Task directions
Skip every picture. Print each line from the one containing "Kennedy | Men's Striped Textured Polo Shirt" through the end of the records below, word for word.

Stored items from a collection
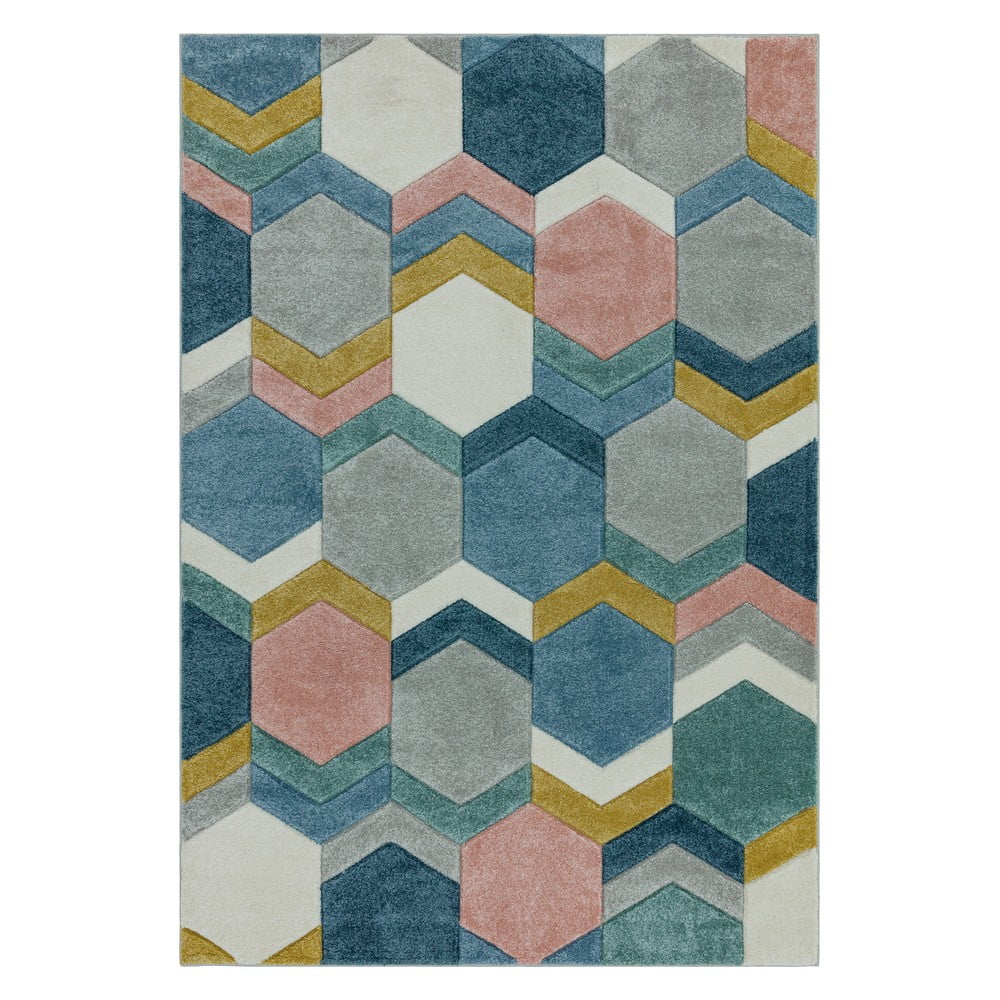 Tepih Asiatic Carpets Hexagon Multi, 120 x 170 cm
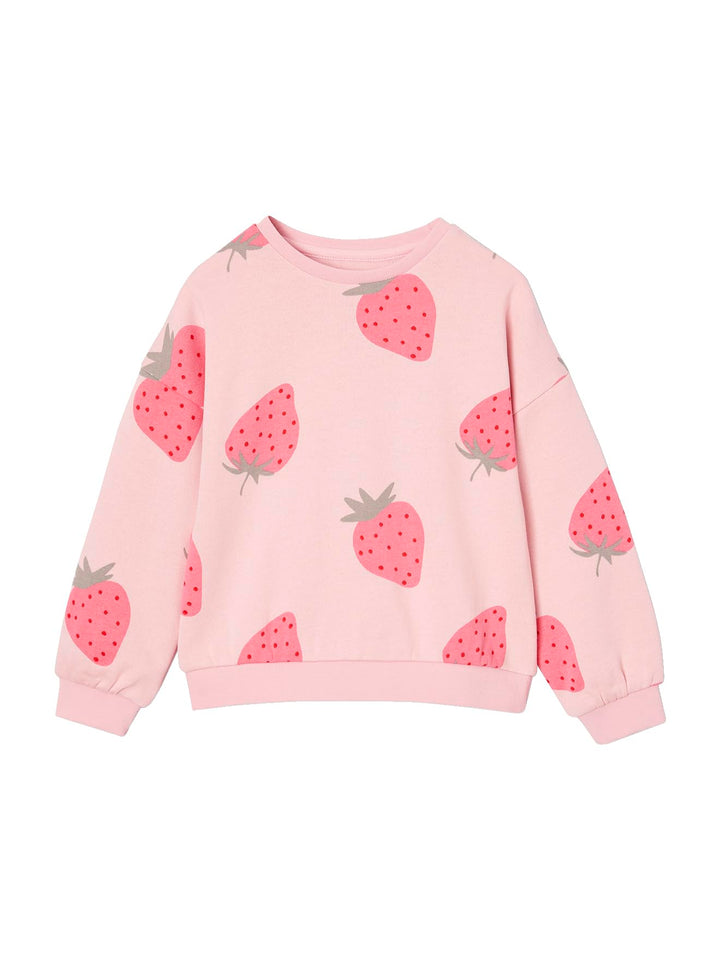 Vertbaudet Mädchen Sweatshirt 92-98 Rosa Erdbeeren, 92-98 Rosa Erdbeeren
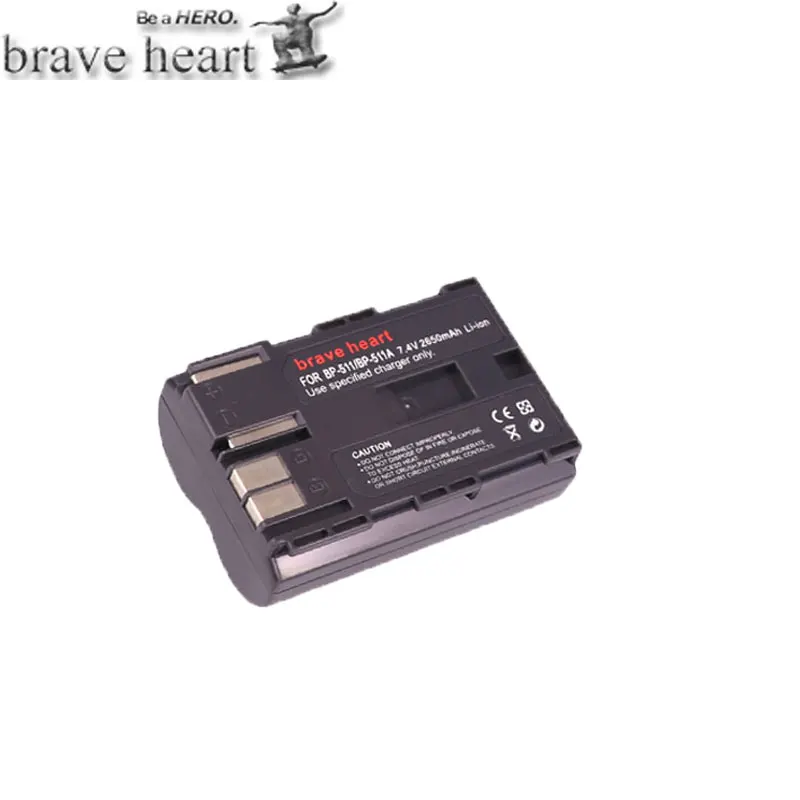 1battery 4x BP 511 511A BP511 BP-511 Батарея+ ЖК-дисплей USB Зарядное устройство для Canon 300D 10D 20D 30D 40D 50D PowerShot G1 G2 G3 G5 G6 90 90IS камера - Цвет: 1battery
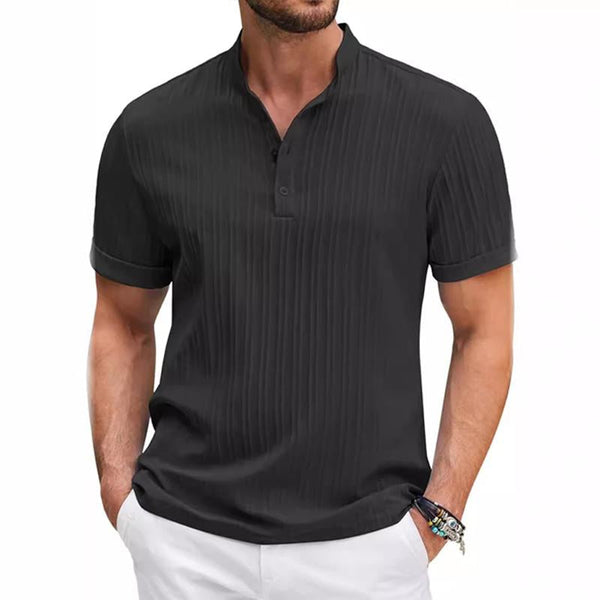 Kennedy | Men's Striped Textured Polo Shirt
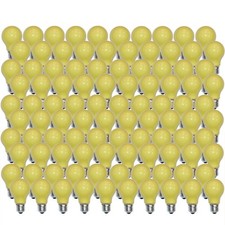 100 X Ampoule 25W E27 Jaune Ampoule 25 Watt Ampoules Lampes Fête Déco
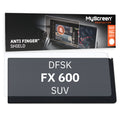 DFSK FX 600 SUV 2025 / + FRONT CENTRE CONTROL PANEL * - Matowa folia antyodciskowa MyScreen ANTI FINGER SHIELD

Exercise result
 Kennedy | Men's Striped Textured Polo Shirt
 100 X Ampoule 25W E27 Jaune Ampoule 25 Watt Ampoules Lampes Fête Déco
 DFSK FX 600 SUV 2025 / + FRONT CENTRE CONTROL PANEL * - Matowa folia antyodciskowa MyScreen ANTI FINGER SHIELD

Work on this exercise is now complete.